Niespodziewanie we włoskich mediach zaczęły krążyć wieści o wydłużeniu meczów na mundialu do 100 minut. Wszystko przez wypowiedź Gianniego Infantino na łamach Corriere dello Sport. Do całej sytuacji odniosła się nawet FIFA, dementując chęć zmian długości piłkarskich rywalizacji.
- FIFA zaprzecza, jakoby chciała zmienić długość rozgrywania piłkarskich meczów
- Infantino w rozmowie z dziennikarzem CdS zdradził, że na mundialu spotkania mogą być wydłużone do 100 minut
- Nic nie będzie jednak miało takiego miejsca, ale do końca nie wiadomo czy taki pomysł pojawił się naprawdę w strukturach FIFA
Zostaje po staremu
Gianni Infantino wydaje się być coraz bardziej nieobliczalny. Najpierw próbował przepchać rozgrywanie mundialu, co dwa lata. Całkiem niedawno ogłosił mundial w Katarze jednym z najlepszych w historii. Nie wiadomo do końca jak cała impreza wyjdzie logistycznie, ale na razie eksperci nie wróżą fajerwerków. Pojawia się sporo niedociągnięć, a miasta to tak naprawdę wielkie place budowy.
Kiedy wydawało się, że ciekawiej być nie może, Infantino znów o sobie przypomniał. Tym razem udzielił niejednoznacznej wypowiedzi na łamach Corriere dello Sport. Wówczas podsunął pomysł o zmianach długości rozgrywanych meczów na mundialu. Otóż spotkania miały trwać 100 minut, a nie jak dotąd półtorej godziny.
FIFA po burzliwych reakcjach w mediach na całym świecie, postanowiła również odnieść się do tego tematu.

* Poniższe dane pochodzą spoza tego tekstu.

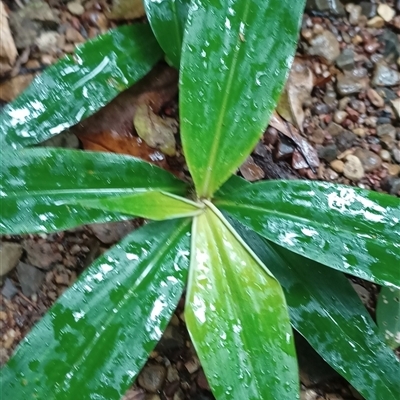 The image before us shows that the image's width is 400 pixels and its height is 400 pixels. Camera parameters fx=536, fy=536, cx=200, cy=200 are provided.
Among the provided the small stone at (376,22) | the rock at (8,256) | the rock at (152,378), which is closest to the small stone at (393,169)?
the small stone at (376,22)

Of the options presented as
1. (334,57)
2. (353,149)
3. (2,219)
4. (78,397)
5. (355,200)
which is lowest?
(78,397)

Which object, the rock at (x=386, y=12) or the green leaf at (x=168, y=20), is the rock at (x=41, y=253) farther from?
the rock at (x=386, y=12)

– “W związku z niektórymi doniesieniami i plotkami, które rozeszły się dzisiaj, FIFA chciałaby wyjaśnić, że nie zostaną wprowadzone żadne zmiany w przepisach dotyczących długości meczów piłkarskich podczas Mistrzostw Świata FIFA w Katarze 2022 ani w żadnych innych rozgrywkach” – przekazano w oświadczeniu.